Embossing in the context of this paper will refer to the printing of raised dots within a small distance of each other to create 2D structures. The dots are produced by embossing printers such as those listed in [10], or through heat transfer copying as discussed in [224]. These dots are usually the same distance apart as the standard Braille character, which is approximately 2.5 mm, permitting the easy generation of Braille text intermixed with other graphical elements. However, there are examples, such as the TIGER embosser [67, 70, 71], which provide more finely spaced dots for the production of near continuous raised lines and surfaces. A large list of embossers is available through the Royal National Institute of the Blind (RNIB) [168].

Microcapsule paper

Microcapsule paper reproductions are polyethylene paper with a polystyrene microcapsule layer coating one side. These capsules expand when heated, raising areas of the paper, thus giving the medium its colloquial name of swell paper. These documents are produced through an application of graphic elements to the paper with a dark colored ink pen, or through standard printing techniques. The microcapsule paper is then placed in a tactile image enhancer which heats the paper expanding the capsules, with the darker sections absorbing more heat and resulting in an area raised higher than the lighter areas of the paper.

In place of this, a pen with a heated tip can be used to free draw on microcapsule paper. This can be useful in certain situations, such as class room interaction. However, many teachers and parents shy away from such devices as there is a chance of burns occurring through skin contact with the heated tip [224].

Thermoforming

Thermoforming (vacuum forming) is the process of generating a tactile document from pre-tooled dyes.

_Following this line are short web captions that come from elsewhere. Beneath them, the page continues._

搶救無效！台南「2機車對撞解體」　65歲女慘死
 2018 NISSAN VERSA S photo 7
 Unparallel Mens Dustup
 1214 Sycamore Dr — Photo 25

A large metal dye is molded into the shape of the document, which can include both Braille and printed text, line graphics and multi-tiered graphics. These molds are placed under a PVC sheet and heated, which causes the sheet to form over the mold. When the material cools, the sheet firms around the mold and can be removed, creating a replica of the document. This process can be repeated as many times as desired [224].

Limitations of offline tactile documents

While all of the above technologies are in use by people with visual disabilities, they have several disadvantages:

  1. 1.

    Size: due to the need to have large enough features for recognition through the finger tip, these documents are always substantially larger than standard print documents. As a result, they can be bulky and awkward to transport. In the case of multilevel vacuum form documents, stacking of materials may simply be impossible, resulting in storage problems.

  2. 2.

    Information loss: often a lack of space or resolution in the tactile medium results in the loss of fine detail. This loss of information could result in the misinterpretation of data, or in the reader becoming confused during unguided navigation tasks.

  3. 3.

    Cost: while more mundane, this is still a serious problem for the community. While many ink based printers are now (2009) less than 100 USD, the average embossing printer or tactile developing system costs several thousand dollars. This, coupled with the cost of the production media (e.g., microcapsule sheets), which ranges between 1.50 USD and 5 USD a sheet, limits the availability of such offline media.

  4. 4.

    Immutability: Changes to documents are inevitable. If a document needs to be updated, the only way to incorporate changes into a tactile document is to regenerate either a portion or the whole of the document, which is not only costly, but it is also virtually impossible to ensure that documents are up to date.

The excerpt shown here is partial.